WORK INSTRUCTION: Exactly as written, reproduce the lines from the beginning of the data through the line containing "Jackson Linen Dress - White"; the pictures are not reproduced.

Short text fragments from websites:
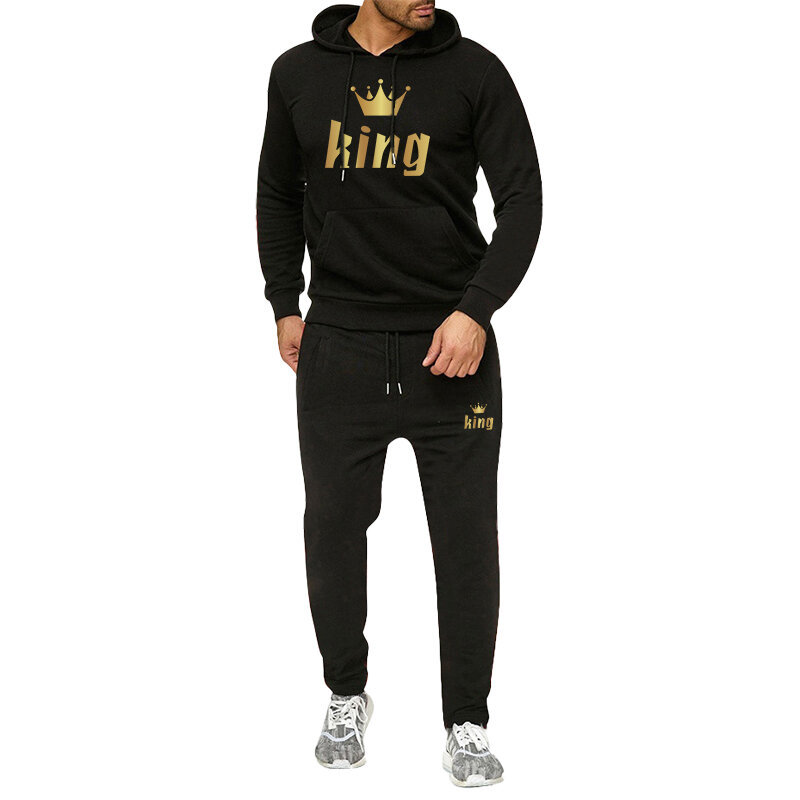 Мужской комплект спортивной одежды, толстовка с капюшоном и штаны с принтом «King», комплект из двух предметов, теплый шерстяной пуловер с капюшоном на осень/зиму, 2023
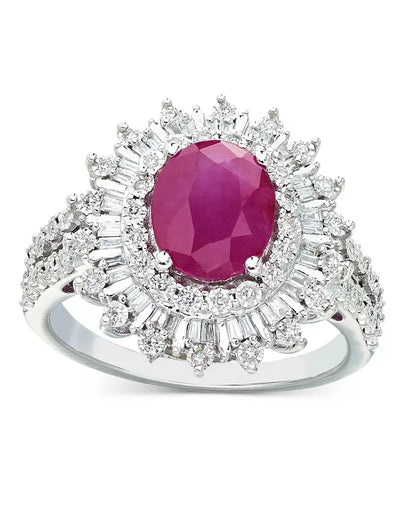 EFFYÂ® Ruby (1-7/8 Ct. T.W.) & Diamond (1/4 Ct. T.W.) Halo Statement Ring in 14K White Gold (Also in Sapphire and Emerald)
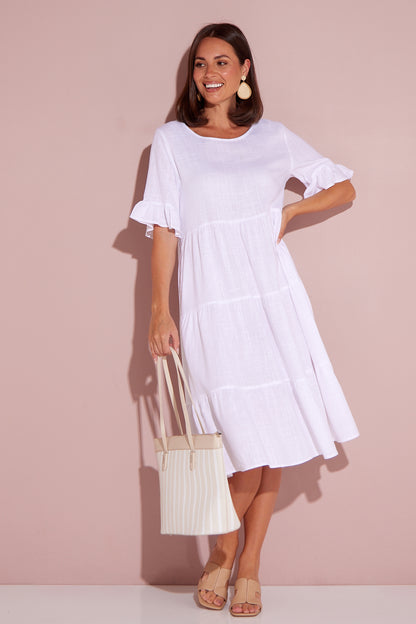 Jackson Linen Dress - White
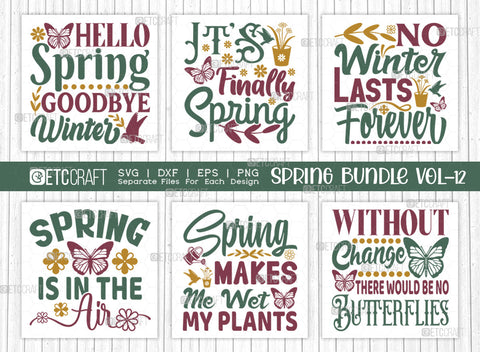 Spring Bundle Vol-12 | Hello Spring Goodbye Winter Svg | It's Finally Spring Svg | No Winter Last's Forever Svg | Spring Is In The Air Svg | Spring Quote Design SVG ETC Craft 
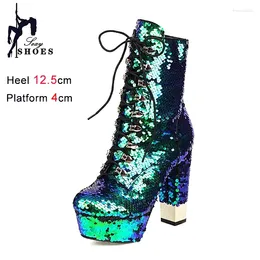 Boots Golden Short Women Platform Heels Glitter Bling Round Side Zip Block Heel Shoes Gold Silver Green Size 34-43 Botas Mujer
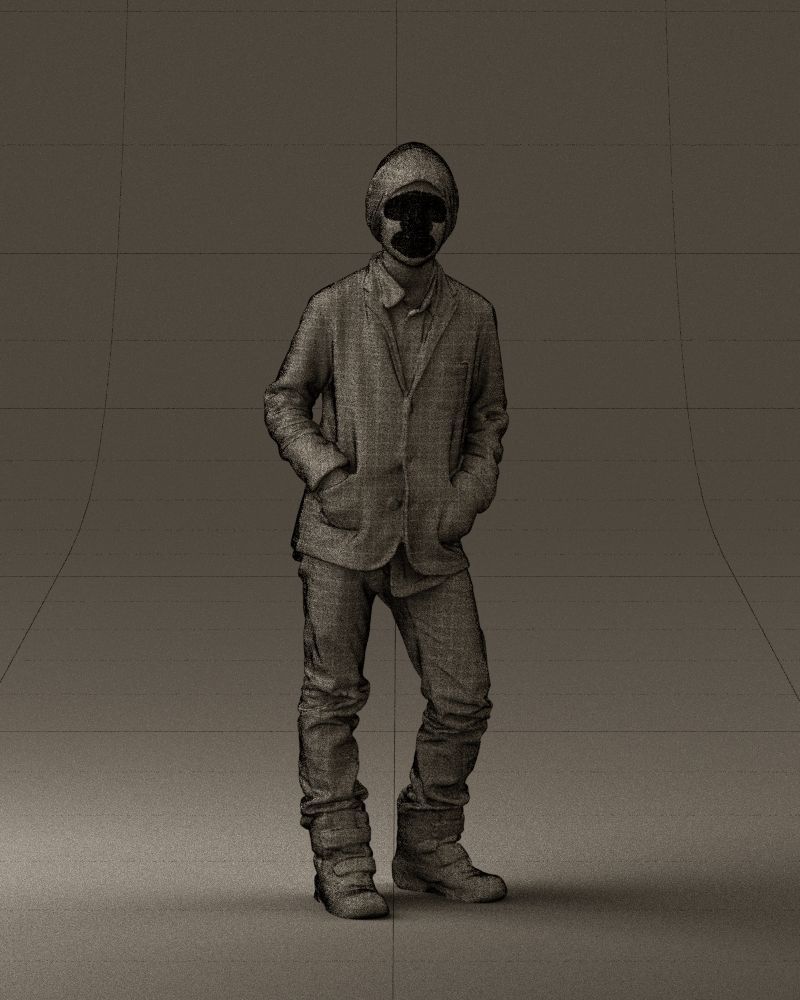 Young boy in long sleeve sweater 0763 3D model_35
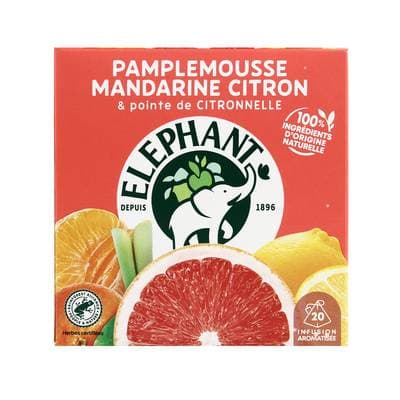 Elephant Infusion pamplemousse madarine citron & touche de citronnelle, 20 sachets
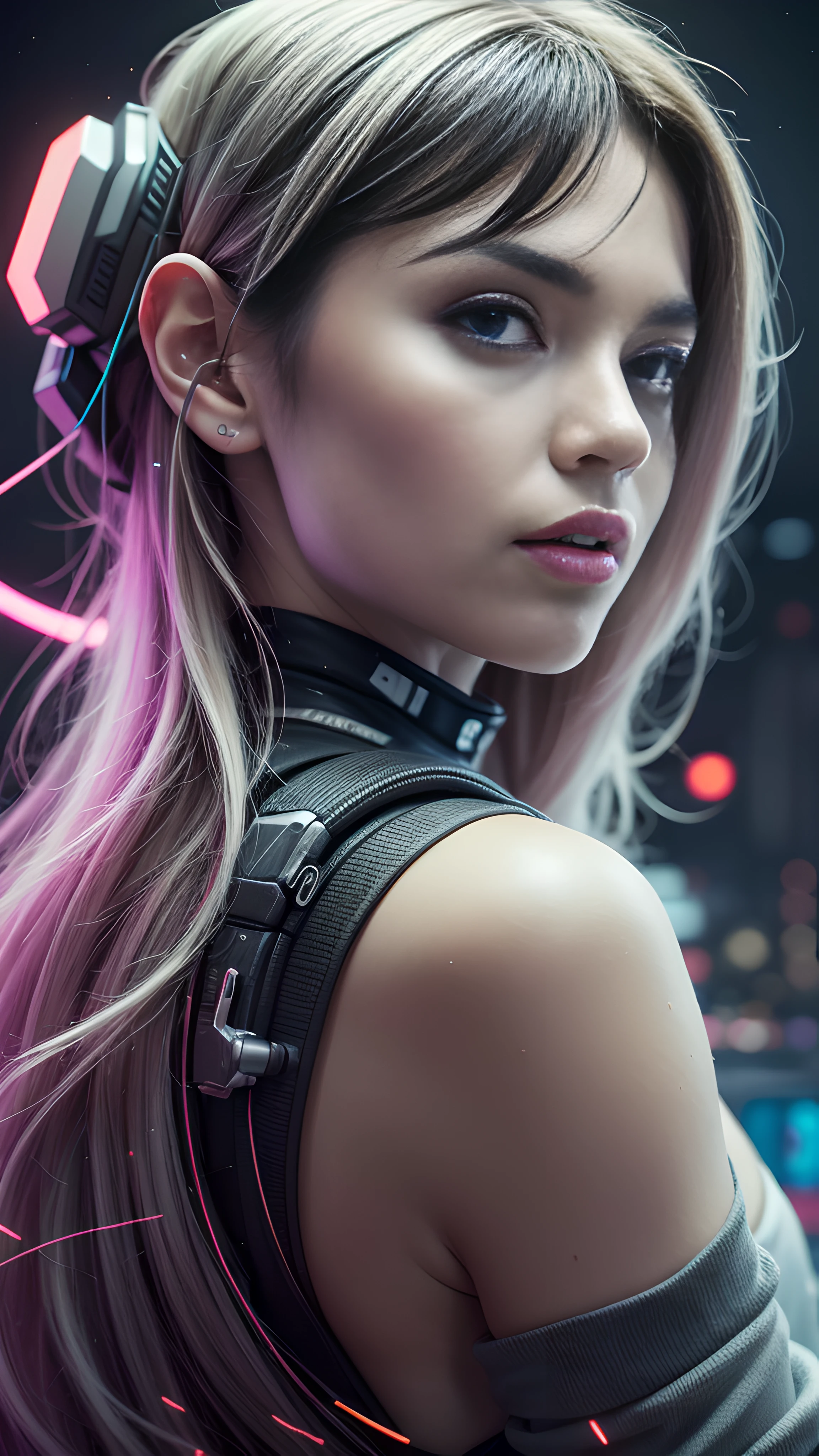 ((Best quality)), ((masterpiece)), (highly detailed:1.3), 3D, beautiful (cyberpunk:1.3) female hacker with thick voluminous hair operating a computer terminal, computer servers, LCD screens, fibre optic cables, corporate logos,HDR (High Dynamic Range),Ray Tracing,NVIDIA RTX,Super-Resolution,Unreal 5,Subsurface scattering,PBR Texturing,Post-processing,Anisotropic Filtering,Depth-of-field,Maximum clarity and sharpness,Multi-layered textures,Albedo and Specular maps,Surface shading,Accurate simulation of light-material interaction,Perfect proportions,Octane Render,Two-tone lighting,Low ISO,White balance,Rule of thirds,Wide aperature,8K RAW,Efficient Sub-Pixel,sub-pixel convolution,luminescent particles,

TASK ANSWER:
 Мужской комплект спортивной одежды, толстовка с капюшоном и штаны с принтом «King», комплект из двух предметов, теплый шерстяной пуловер с капюшоном на осень/зиму, 2023
 EFFYÂ® Ruby (1-7/8 Ct. T.W.) & Diamond (1/4 Ct. T.W.) Halo Statement Ring in 14K White Gold (Also in Sapphire and Emerald)
 Jackson Linen Dress - White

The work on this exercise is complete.